Indiana Attorney General Curtis Hill on Wednesday joined cybersecurity experts at a U.S. Chamber of Commerce virtual event to discuss his intent to establish a rule in Indiana that would better protect Hoosiers from cyberattacks, the fastest-growing type of crime in the United States.
Hill’s proposed safe harbor rule would give businesses operating in Indiana a better understanding of how to protect consumers’ data and reward businesses who comply with steps laid out in the rule. Should the rule be implemented, Indiana would be the first state in the U.S. to approach this issue via regulation.
“Hoosiers’ data is at risk because some businesses do not take proactive measures to protect themselves and the consumers they serve from cyberattackers, and some simply do not know what precautions they ought to take,” Hill said. “Our safe harbor rule would both protect Hoosiers from data breaches and incentivize businesses that take steps to prevent them from happening in the first place.”
Not every company that experiences a data breach is irresponsible, Hill said. For this reason, the rule would protect and encourage continued investment by companies that have already taken precautions, while clarifying expectations to all companies that maintain Hoosiers’ data.
The cybersecurity experts who joined Hill at the event applauded this approach to data protection. Matthew Eggers, vice president of cybersecurity policy at the U.S. Chamber of Commerce, praised the proposed rule, saying it gives businesses a clearer understanding of how to protect consumers’ data.
Alexis Cocco, a privacy, data security and consumer class-action defense lawyer at Reed Smith, said the proposed rule will allow businesses to direct resources toward compliance with the rule, as opposed to the costs of a class-action lawsuit that could follow a data breach. Data breaches, on average, cost millions of dollars, Cocco said.
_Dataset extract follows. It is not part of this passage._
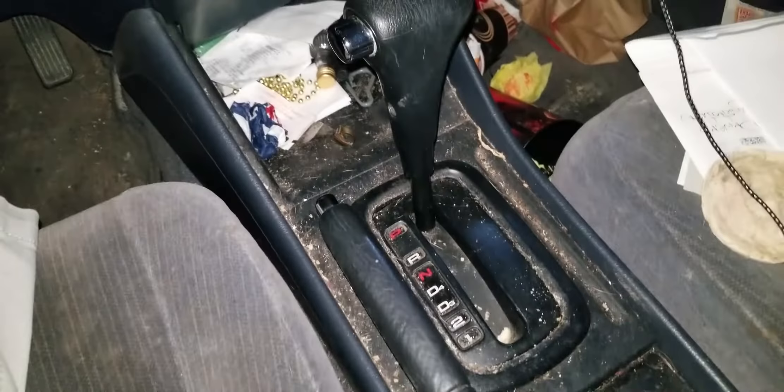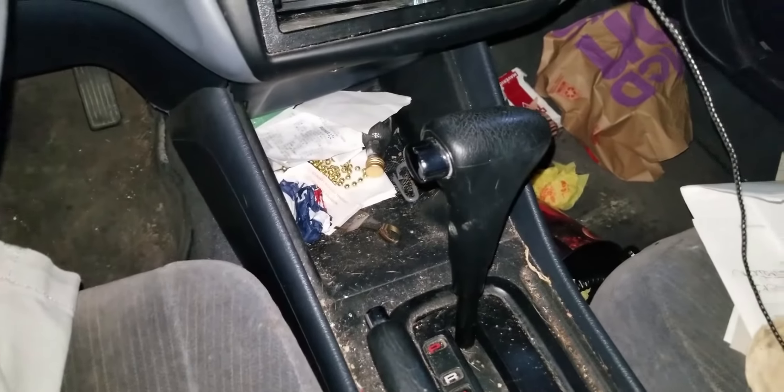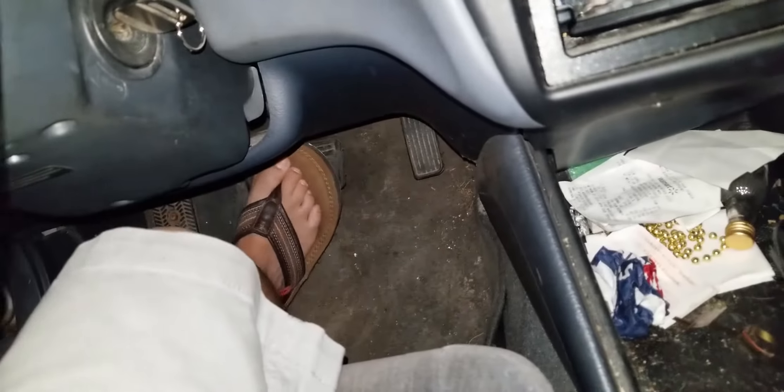Alright, what's up guys. Today I'll show you how to release the lock on the shifter. This is a Honda Accord 1999 — one of my tenants left it, so now it's mine. It's pretty nasty, but I got myself a free car. So if you can see, when I press the brake...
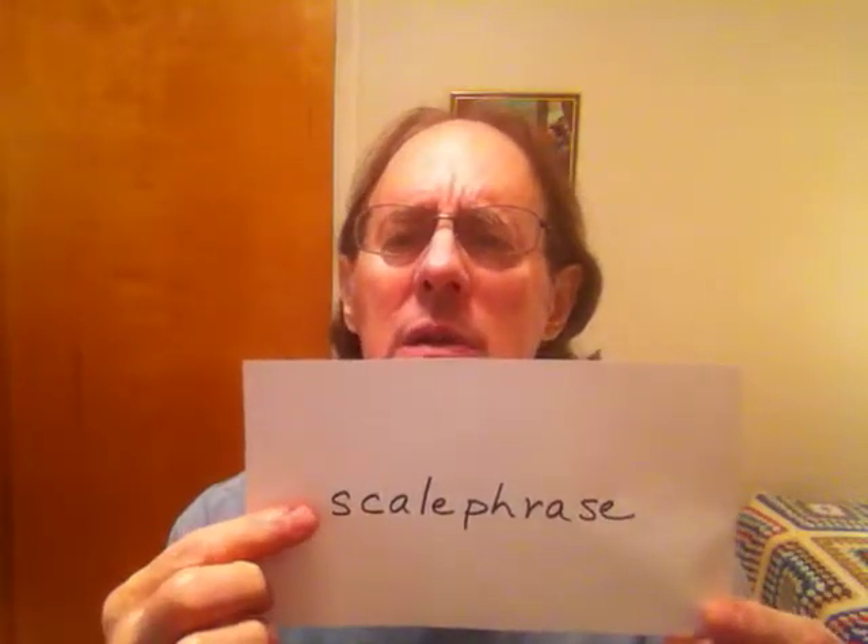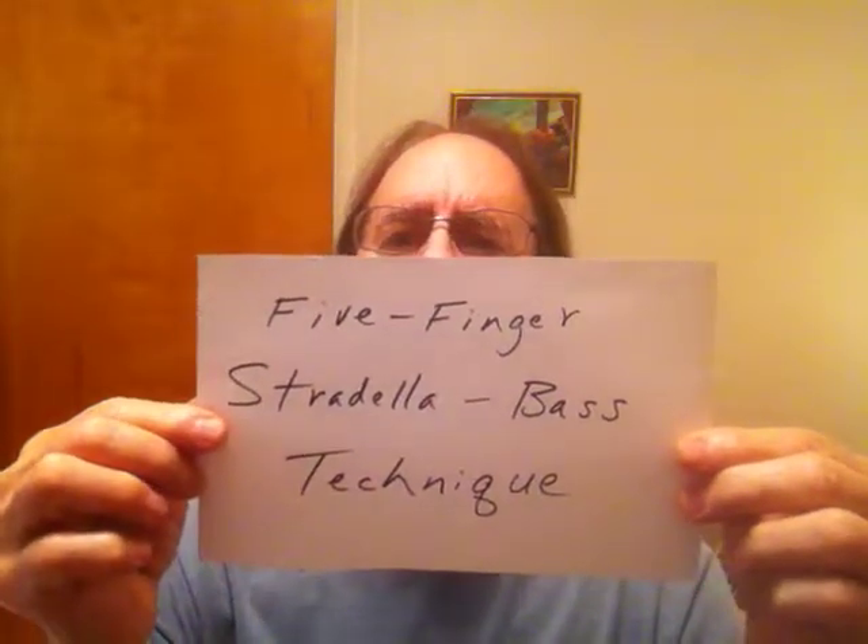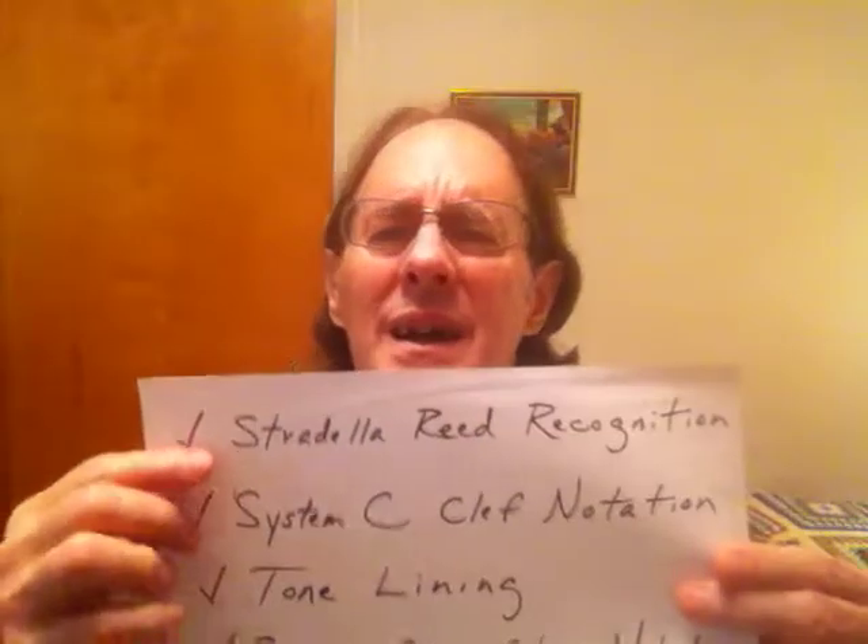Hi, how's everybody doing? You might have seen some of my other videos — my YouTube channel is scale phrase with a lowercase s. I initially introduced the five fingers Stradela bass technique, which is a system that shows you how to use all five fingers on the Stradela side, the left-hand side of the 120-bass Stradela accordion. I didn't invent this — my music teacher invented this many years ago.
“We need a way to separate the businesses that are taking important steps to secure data from those who are not,” Hill said. “This rule would provide businesses a playbook on how to protect data, and would protect the businesses that follow the playbook. It’s a win for both consumers and businesses.”
In the last three years, Hill has obtained settlements with several companies after data breaches exposed consumers’ personal information. Most recently, he secured a $19.5 million settlement with Equifax following Indiana’s lawsuit against the company over its massive 2017 data breach. That data breach impacted 3.9 million Indiana residents.
Hoosiers who were impacted by the Equifax data breach should watch for an important announcement about obtaining a restitution payment in light of the breach. More information about obtaining a payment will be available soon.
Hill said the Equifax data breach is a perfect example of why businesses must invest additional resources into data protection.
“Equifax did not take the precautions necessary to protect the personal data of millions of consumers,” Hill said. “Much of the damage from this data breach could have been mitigated had Equifax followed the steps outlined in this rule. It is our hope that this proposed rule prevents data breaches of this scale from happening again in the future.”
In July, the Office of the Attorney General filed a notice of intent to adopt the proposed rule. The proposed rule is expected to be published by the Indiana Register, after which there will be a period for public comment followed by a public hearing on the rule. The public hearing will be advertised and available virtually. It is expected that the proposed rule will take effect by the end of the year.